The contemplated stress relief structures of the present invention appears to best function when they assume the shape of an arc or some part of a circle. In a bag having a bottom dimension of approximately 12 inches, a stress relief structure providing a seal-line gap of approximately 3/8 to 1 inch is contemplated and this gap can extend vertically in the direction of the bag mouth opening a distance of from 1/8 to 3/4 of an inch. Half circles ranging from the diameter of a ten cent piece to a five cent piece has been found to be satisfactory.

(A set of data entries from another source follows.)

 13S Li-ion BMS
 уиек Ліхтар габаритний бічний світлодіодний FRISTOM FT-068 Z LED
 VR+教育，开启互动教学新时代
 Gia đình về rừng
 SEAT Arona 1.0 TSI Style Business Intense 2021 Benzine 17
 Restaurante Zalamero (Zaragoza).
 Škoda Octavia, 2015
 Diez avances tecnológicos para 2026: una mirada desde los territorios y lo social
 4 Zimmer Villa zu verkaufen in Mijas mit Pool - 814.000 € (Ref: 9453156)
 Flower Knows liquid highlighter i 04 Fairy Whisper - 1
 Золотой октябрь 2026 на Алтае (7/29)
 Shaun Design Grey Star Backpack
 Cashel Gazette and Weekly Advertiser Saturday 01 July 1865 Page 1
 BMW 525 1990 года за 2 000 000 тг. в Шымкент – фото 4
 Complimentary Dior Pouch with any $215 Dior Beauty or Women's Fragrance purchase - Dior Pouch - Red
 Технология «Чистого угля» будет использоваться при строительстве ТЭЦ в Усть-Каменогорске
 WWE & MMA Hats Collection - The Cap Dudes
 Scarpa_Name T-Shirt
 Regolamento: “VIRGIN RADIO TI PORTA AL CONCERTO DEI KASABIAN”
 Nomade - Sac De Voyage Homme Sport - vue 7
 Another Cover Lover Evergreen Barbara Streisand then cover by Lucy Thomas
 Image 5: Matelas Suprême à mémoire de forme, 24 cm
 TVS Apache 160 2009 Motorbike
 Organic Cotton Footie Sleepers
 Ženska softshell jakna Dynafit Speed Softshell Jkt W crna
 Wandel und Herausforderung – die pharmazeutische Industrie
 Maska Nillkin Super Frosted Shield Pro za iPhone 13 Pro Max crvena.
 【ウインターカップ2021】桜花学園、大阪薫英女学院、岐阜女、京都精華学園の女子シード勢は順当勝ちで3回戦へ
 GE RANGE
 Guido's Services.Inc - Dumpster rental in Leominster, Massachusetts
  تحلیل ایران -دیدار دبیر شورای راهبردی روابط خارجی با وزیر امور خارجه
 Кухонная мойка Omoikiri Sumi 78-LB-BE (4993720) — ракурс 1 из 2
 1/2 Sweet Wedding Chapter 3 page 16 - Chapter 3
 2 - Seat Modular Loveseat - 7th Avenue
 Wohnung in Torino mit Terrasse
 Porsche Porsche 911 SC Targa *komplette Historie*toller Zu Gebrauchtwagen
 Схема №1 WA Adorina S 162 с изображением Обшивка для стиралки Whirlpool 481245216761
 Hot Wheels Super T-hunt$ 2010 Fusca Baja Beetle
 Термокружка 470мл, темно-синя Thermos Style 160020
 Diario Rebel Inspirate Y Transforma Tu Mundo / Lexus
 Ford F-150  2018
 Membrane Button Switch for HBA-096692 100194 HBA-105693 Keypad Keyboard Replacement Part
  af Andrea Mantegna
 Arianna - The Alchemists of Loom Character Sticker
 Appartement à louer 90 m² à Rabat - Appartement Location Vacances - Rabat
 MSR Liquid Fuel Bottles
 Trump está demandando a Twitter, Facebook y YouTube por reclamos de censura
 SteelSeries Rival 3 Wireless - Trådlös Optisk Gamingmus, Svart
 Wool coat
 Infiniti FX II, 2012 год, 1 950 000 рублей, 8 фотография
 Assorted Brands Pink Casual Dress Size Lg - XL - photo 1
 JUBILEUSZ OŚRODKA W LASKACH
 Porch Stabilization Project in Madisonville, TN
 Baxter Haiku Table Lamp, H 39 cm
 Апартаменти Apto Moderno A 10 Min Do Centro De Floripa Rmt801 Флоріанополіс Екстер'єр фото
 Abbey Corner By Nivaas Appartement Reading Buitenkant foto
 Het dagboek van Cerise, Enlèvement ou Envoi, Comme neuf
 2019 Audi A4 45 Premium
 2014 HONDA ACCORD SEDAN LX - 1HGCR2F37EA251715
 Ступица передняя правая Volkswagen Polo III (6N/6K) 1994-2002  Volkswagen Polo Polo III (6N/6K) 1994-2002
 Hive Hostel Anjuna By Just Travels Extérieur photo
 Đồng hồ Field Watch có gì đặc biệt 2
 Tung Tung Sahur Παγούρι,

While the contemplated sacks can be made of any thermoplastic material, polyethylene and polyethylene blends are preferred. The term polyethylene is employed herein in its generic sense to include low density polyethylene (LDPE) having a density of from about 0.910-0.939, linear low density polyethylene (LLDPE), which actually is a copolymer of ethylene and another alpha olefin, having a density ranging from about 0.910-0.939, high molecular weight, high density polyethylene (HDPE) having a density ranging from about 0.940-0.970 and any blends thereof. A preferred material for handled grocery sacks is a blend of LLDPE and LDPE with the latter being present in from about 0-20% by weight. When employing this material, the film gauge can range downward to from 0.3 to 1 mil in thickness. Another preferred polyethylene resin is high density polyethylene (HDPE) alone or in combination with from 0 to 50 weight % of LLDPE. A preferred combination is a blend of the two which would yield a density of from 0.945-0.955 g/cc. When material of this density is employed unusually strong film having a guage thickness of from 0.3 to 1 mil can be employed in forming the grocery sacks contemplated by the present invention.